The syllabus for Class 10 Mathematics typically covers a range of topics that build on the concepts learned in previous years and prepare students for more advanced studies. Here's a complete summary of the major topics usually included in the Class 10 Mathematics syllabus:

### 1. **Real Numbers**
- **Euclid's Division Lemma**: Understanding the concept of divisibility and applying it to find the Highest Common Factor (HCF).
- **Fundamental Theorem of Arithmetic**: Prime factorization of integers and the concept of HCF and LCM.
- **Irrational Numbers**: Proof of irrationality of numbers like √2, √3, etc.
- **Decimal Expansions**: Representation of rational numbers as terminating or non-terminating recurring decimals.

### 2. **Polynomials**
- **Polynomials and Their Degrees**: Understanding the concept of polynomials, degrees, and coefficients.
- **Zeros of a Polynomial**: Relationship between zeros and coefficients of quadratic polynomials.
- **Division Algorithm**: Division of polynomials and finding remainders.

### 3. **Pair of Linear Equations in Two Variables**
- **Graphical Method**: Solving linear equations by plotting on a graph.
- **Algebraic Methods**: Substitution, elimination, and cross-multiplication methods to solve equations.
- **Equations Reducible to Linear Form**: Converting non-linear equations to linear form and solving.

### 4. **Quadratic Equations**
- **Standard Form of Quadratic Equations**: Understanding ax² + bx + c = 0.
- **Solutions of Quadratic Equations**: Methods such as factorization and the quadratic formula.
- **Nature of Roots**: Discriminant and its significance in determining the nature of roots.

### 5. **Arithmetic Progressions (AP)**
- **General Form of AP**: Understanding the common difference and nth term.
- **Sum of First n Terms**: Deriving and applying the formula for the sum of an arithmetic progression.

### 6. **Triangles**
- **Similar Triangles**: Criteria for similarity of triangles (AA, SAS, SSS).
- **Theorems on Similarity**: Basic proportionality theorem (Thales theorem), and its applications.
- **Pythagoras Theorem**: Proof and applications in problems.

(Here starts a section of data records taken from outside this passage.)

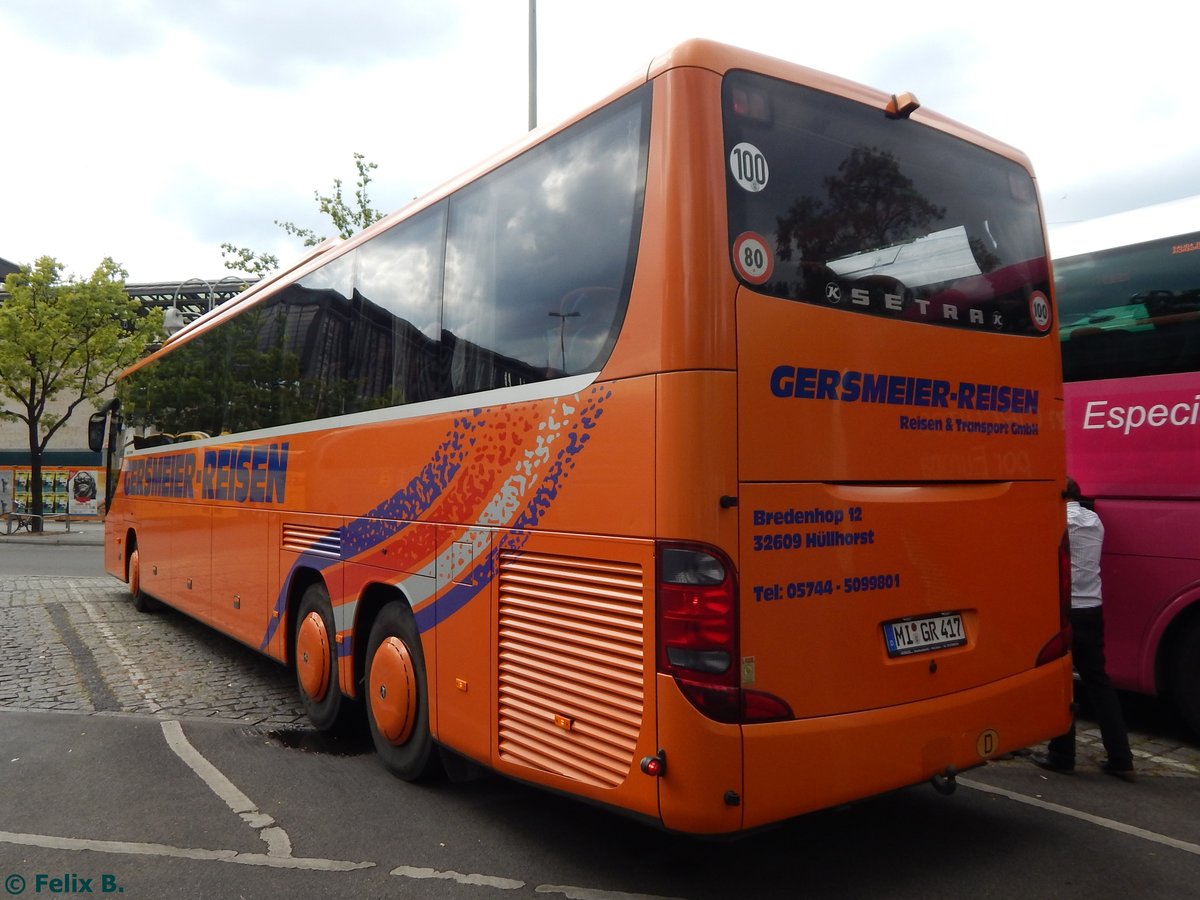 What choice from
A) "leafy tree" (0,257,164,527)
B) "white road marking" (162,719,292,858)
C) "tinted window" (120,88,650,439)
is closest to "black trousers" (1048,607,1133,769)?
"tinted window" (120,88,650,439)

### 7. **Coordinate Geometry**
- **Distance Formula**: Calculating the distance between two points.
- **Section Formula**: Finding the coordinates of a point dividing a line segment in a given ratio.
- **Area of a Triangle**: Using coordinate points to determine the area of a triangle.

### 8. **Introduction to Trigonometry**
- **Trigonometric Ratios**: Definitions of sine, cosine, tangent, and their reciprocals.
- **Trigonometric Identities**: Fundamental identities and their applications.
- **Trigonometric Ratios of Complementary Angles**: Relationships between the ratios of complementary angles.

### 9. **Some Applications of Trigonometry**
- **Height and Distance**: Solving real-life problems involving angles of elevation and depression.

### 10. **Circles**
- **Tangent to a Circle**: Properties of tangents, including the perpendicularity of the radius to the tangent at the point of contact.
- **Number of Tangents from a Point**: Tangents drawn from an external point to a circle.

### 11. **Constructions**
- **Division of a Line Segment**: Dividing a line segment in a given ratio.
- **Construction of Similar Triangles**: Constructing triangles similar to a given triangle.
- **Tangent to a Circle**: Constructing tangents from an external point to a circle.

### 12. **Areas Related to Circles**
- **Perimeter and Area**: Calculating the perimeter and area of circles, sectors, and segments.
- **Problems Involving Area of Combinations**: Solving problems related to the area of combinations of figures involving circles.

### 13. **Surface Areas and Volumes**
- **Surface Area**: Calculating the surface area of solids like cubes, cuboids, spheres, hemispheres, cones, and cylinders.
- **Volume**: Finding the volume of these solids.
- **Conversion of Solids**: Problems involving the conversion of one type of solid into another.

### 14. **Statistics**
- **Mean, Median, and Mode**: Measures of central tendency for grouped data.
- **Cumulative Frequency**: Understanding and interpreting cumulative frequency curves (ogives).

### 15. **Probability**
- **Classical Definition of Probability**: Basic concepts of probability, including the probability of a simple event.
- **Probability of Complementary Events**: Understanding and applying the concept of complementary events.

Summary
This syllabus provides a strong foundation in various mathematical concepts, from basic arithmetic and algebra to geometry, trigonometry, and probability. It helps in developing problem-solving skills and logical thinking, essential for higher studies and practical applications in daily life.